GIVEN DATA —
-- Opening Marker --

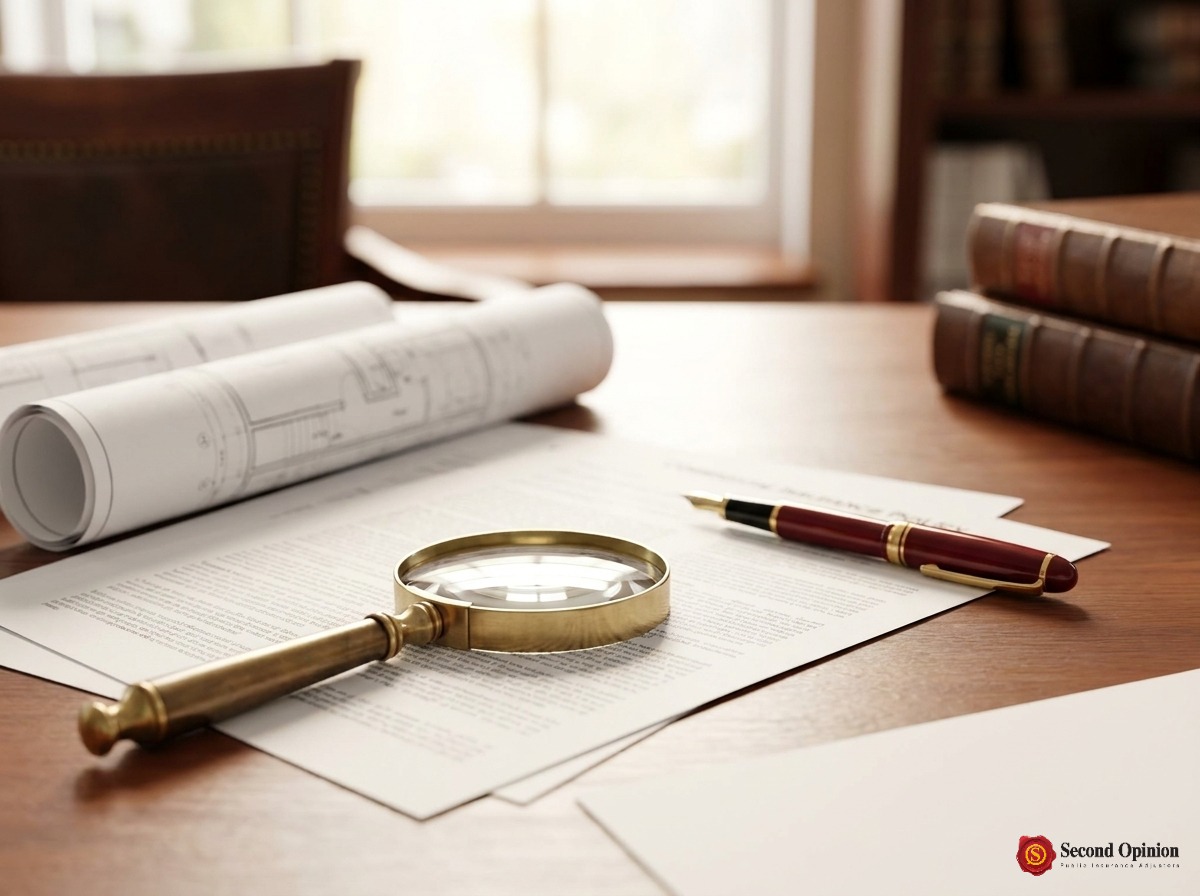 Insurance policy documents on a desk being reviewed by a public adjuster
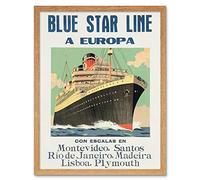 Advertisement Travel Cruise Blue Star Line Europa Ship Art Print Framed Poster Wall Decor 12X16 Inch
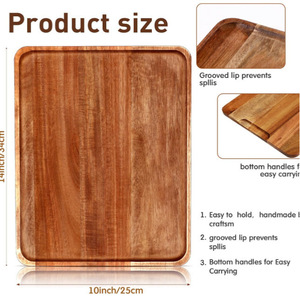 Bandeja rectangular de madera color marrón oscuro hecha a mano para uso en el hogar, para café, té y postres. - Product Image 5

-- Closing Marker --

Each line above is to be copied verbatim. Drop any image from the copy.

WRITTEN RESPONSE —
 Insurance policy documents on a desk being reviewed by a public adjuster
 Advertisement Travel Cruise Blue Star Line Europa Ship Art Print Framed Poster Wall Decor 12X16 Inch
 Bandeja rectangular de madera color marrón oscuro hecha a mano para uso en el hogar, para café, té y postres. - Product Image 5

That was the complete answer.